D = librosa.stft(y, n_fft=2048, hop_length=512)
Two parameters decide the resolution of the analysis:
| Parameter | What it controls |
|---|---|
n_fft | The size of each analysis window, in samples. 2048 is a common value: enough frequency resolution without losing too much time resolution. |
hop_length | How much the window shifts between successive computations. With overlap (hop_length smaller than n_fft), the result comes out smoother. |
D is a matrix of complex numbers: each column is a time window, each
row a frequency, and the value combines magnitude (how much energy there is)
and phase.
3. From magnitude to decibels
For the spectrogram you only need the magnitude, not the phase. And since the human ear perceives intensity logarithmically, it’s converted to decibels:
S_db = librosa.amplitude_to_db(np.abs(D), ref=np.max)
That way, small differences in low-energy areas stand out as clearly as large ones in high-energy areas —on a linear scale, they’d get flattened out.
4. Plot the spectrogram
fig, ax = plt.subplots(figsize=(12, 5))
img = librosa.display.specshow(
S_db, sr=sr, hop_length=512,
x_axis="time", y_axis="log", ax=ax, cmap="magma",
)
ax.set(title="Spectrogram (STFT, logarithmic scale)")
fig.colorbar(img, ax=ax, format="%+2.0f dB")
plt.show()
specshow reads the time and frequency axes directly from sr and
hop_length, so you don’t have to compute them by hand.
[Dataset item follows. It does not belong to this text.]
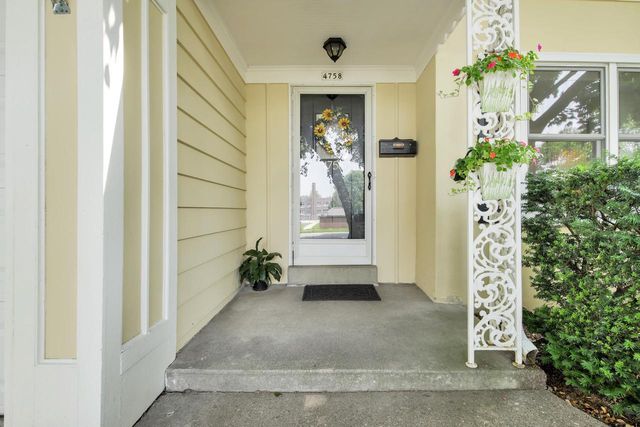 4758 N Ardmore AVENUE, Whitefish Bay, WI 53211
The logarithmic Y
axis (y_axis="log") is standard in music: it better reflects how notes are
distributed across the audible range than a linear scale would.
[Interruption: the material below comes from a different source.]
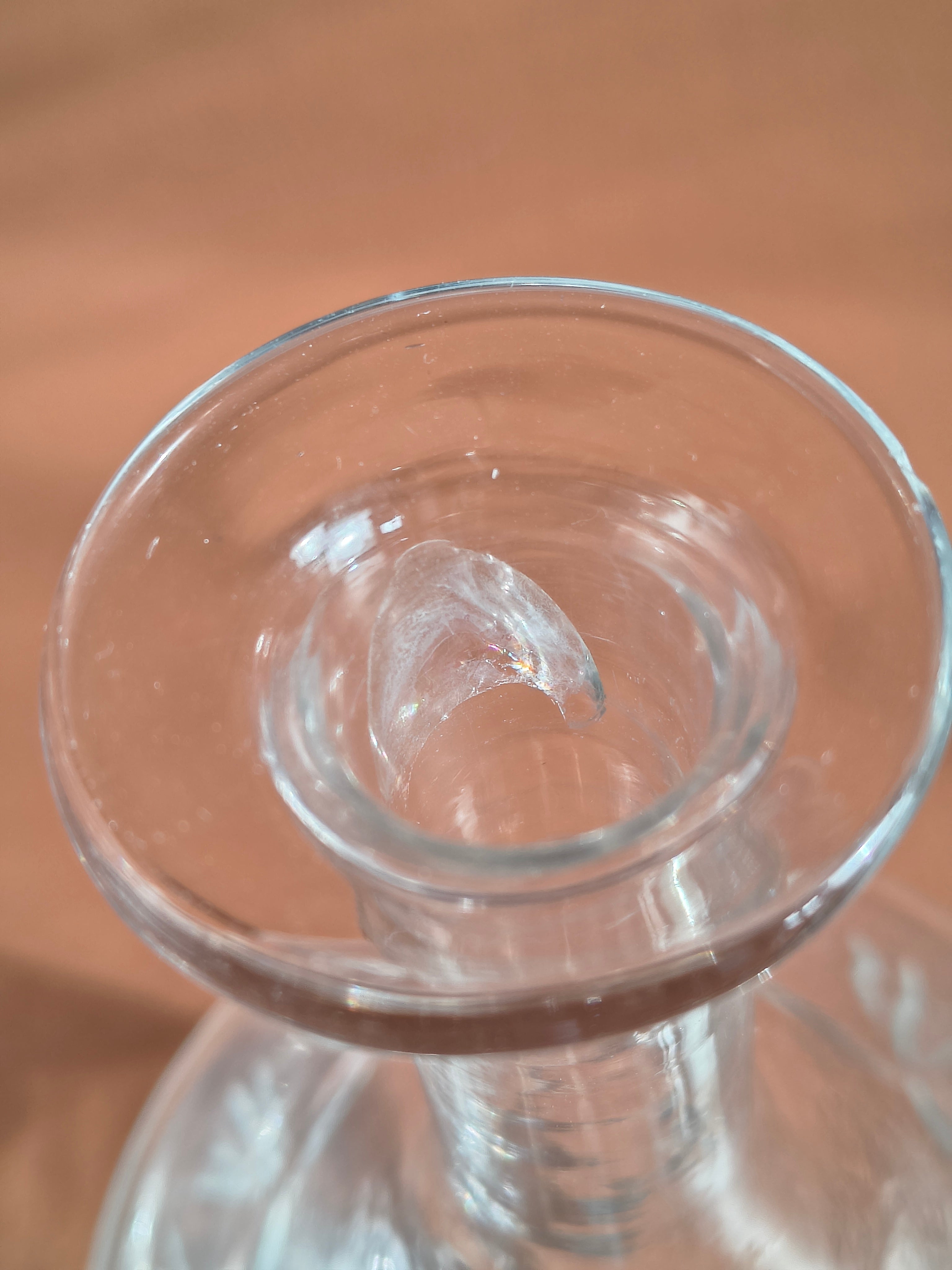 Carafe ancienne en verre gravée de palmettes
Spectrogram of an excerpt of Fayendo, computed with the code in this tutorial. The horizontal bands are the harmonics of each note; the vertical gaps, silences between phrases.
How to read the result
In the spectrogram above you can see horizontal bands rising and falling together: they are the fundamental frequency of each note and its harmonics —integer multiples of that frequency—. That pattern of parallel bands, and how the energy is distributed among them, is one of the signals a automatic music transcription system uses to decide which note is being played. The vertical gaps of silence between bands correspond to the breaths between phrases —a feature typical of phrasing on continuous-air wind instruments, like the bagpipe.
Next steps
This tutorial stops at the spectrogram as an image. The downloadable notebook points to three directions to keep going:
- Chromagram (
librosa.feature.chroma_stft): groups the energy into the 12 pitch classes (C, C#, D…), useful for detecting chords or key. - MFCCs (
librosa.feature.mfcc): a compact representation of timbre, widely used in instrument and genre classification. - Onset detection (
librosa.onset.onset_detect): finding the exact instant each note starts, a first step toward real automatic transcription.
The notebook
All the code from this tutorial —loading, transforming, plotting, and the
commented next steps— is in a
downloadable Jupyter notebook,
along with the fragment of
Fayendo used as an example. Open it with
jupyter notebook or jupyter lab, or upload it to
Google Colab if you don’t want to
install anything locally. If you’ve never used one before,
What a Jupyter notebook is explains where to
start.
References
The references this article draws on, and where to read further:
- McFee, B., Raffel, C., Liang, D., Ellis, D. P. W., McVicar, M., Battenberg, E., & Nieto, O. (2015). librosa: Audio and Music Signal Analysis in Python. Proceedings of the 14th Python in Science Conference, 18–24.
- librosa official documentation.
- Müller, M. (2015). Fundamentals of Music Processing: Audio, Analysis, Algorithms, Applications (ch. 2 and 3). Springer.